Construction of high strength hollow fibers by self-assembly of a stiff polysaccharide with short branches in water

The development of biological high-performance materials fabricated from natural polysaccharides has attracted great attention for a sustainable world. In this work, hollow fibers with high strength were spun from a polysaccharide aqueous solution at a concentration of 0.02 g mL(-1). The polysaccharide was a comb-like beta-glucan with short branches isolated from Auricularia auricula-judae, coded as AF1. Atomic force microscopy (AFM) and transmission electron microscopy (TEM) confirmed directly that AF1 existed as a stiff chain conformation in water, and displayed parallel self-orientation behavior.

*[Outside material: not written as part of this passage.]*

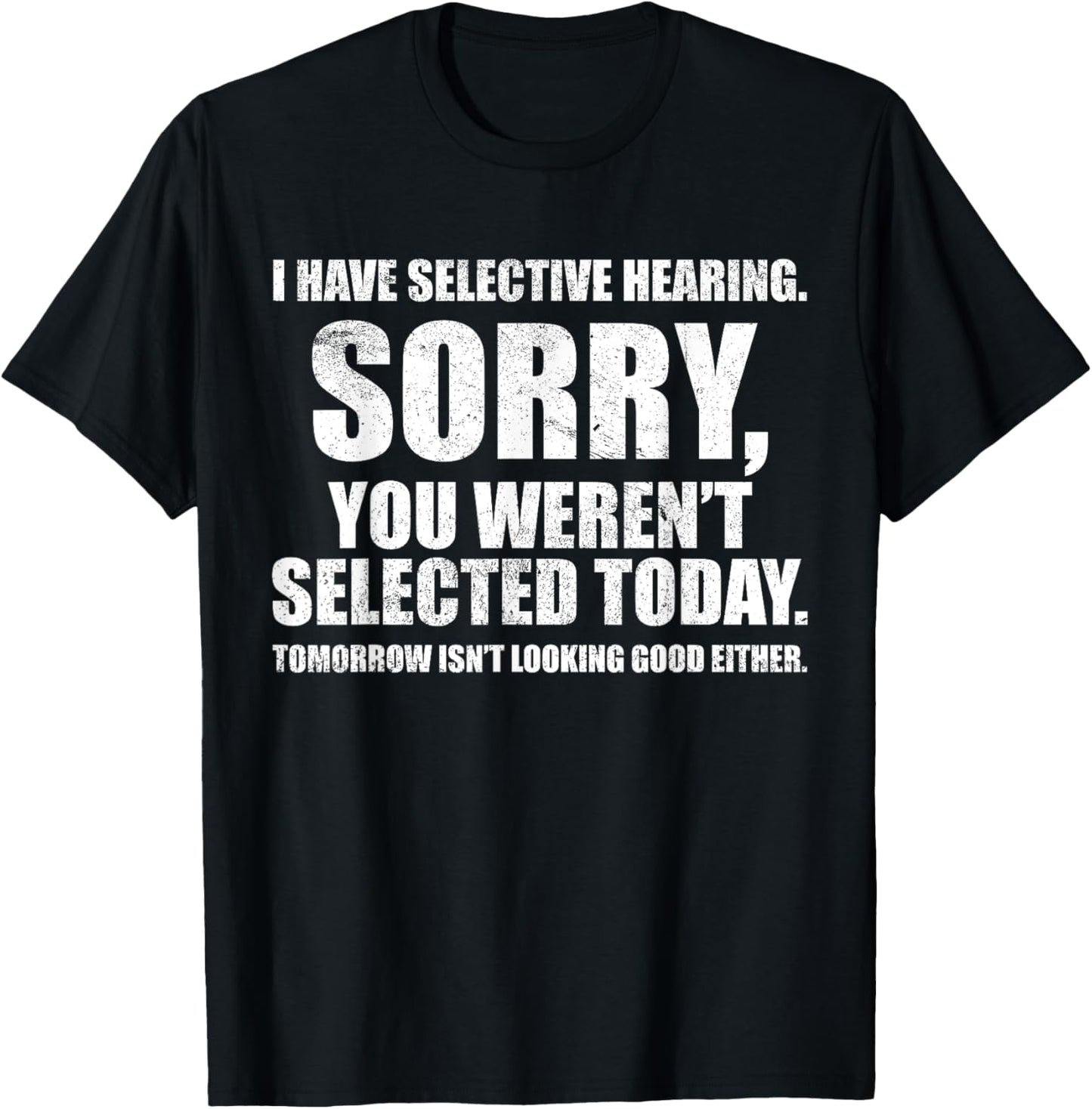 I Have Selective Hearing, You Weren't Selected -Adult Humorous , Black, Small, Short Sleeve T-Shirt - T-Shirt | Black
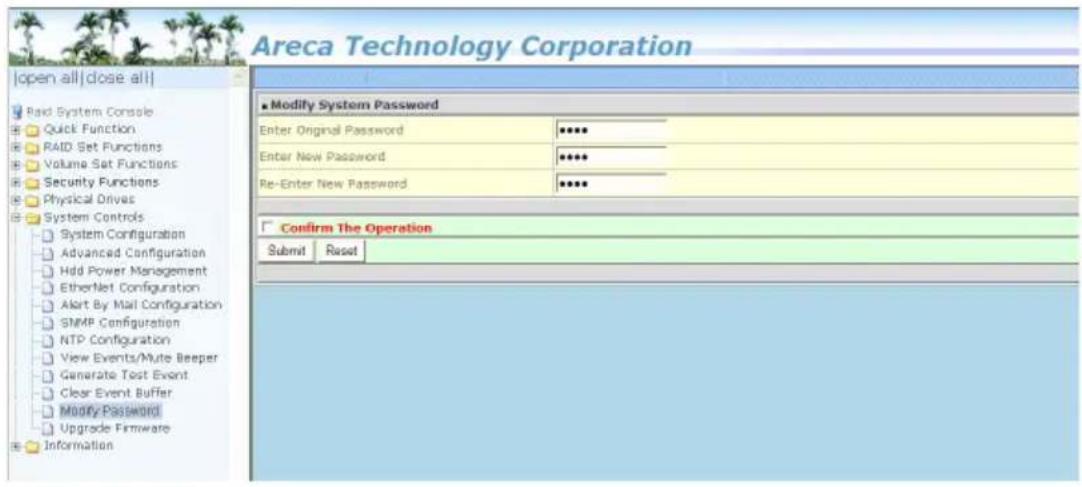 Areca Technology Corporation |open all| close all| ■ Modify System Password Enter Original Password ****** Enter New Password ****** Re-Enter New Password ****** Confirm The Operation Submit Reset Information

AF1 could self-assemble into well defined hollow nanofibers with diameters less than 100 nm and lengths of tens of micrometers in dilute solution, supported by scanning electron microscopy (SEM). Moreover, AF1 in the disulfonated tetraphenylethene (TPE-SO3Na) aqueous solution exhibited strong luminescence, indicating that the TPE-SO3Na molecules without luminescence in water were trapped in the cavities of the hollow nanofibers through hydrophobic interactions, leading to the aggregation-induced emission (AIE). The nanofibers were composed of relatively hydrophobic inner-walls and hydrophilic shells in water. Interestingly, SEM and polarized light microscopy verified that the nanofibers fused to form an ordered architecture of lamella and then tended to curl into hollow fibers in relatively concentrated solution. The hollow fibers exhibited excellent tensile strength, biocompatibility, organic solvent resistance and birefringence. A schematic model was proposed to describe the construction of the hollow fibers via the hierarchical self-assembly process. The new materials would have potential applications such as drug release as a new class of fibrous carrier, indicators with fluorescence to detect cell growth in cell transplantation, and biomolecular recognition (e. g., DNA).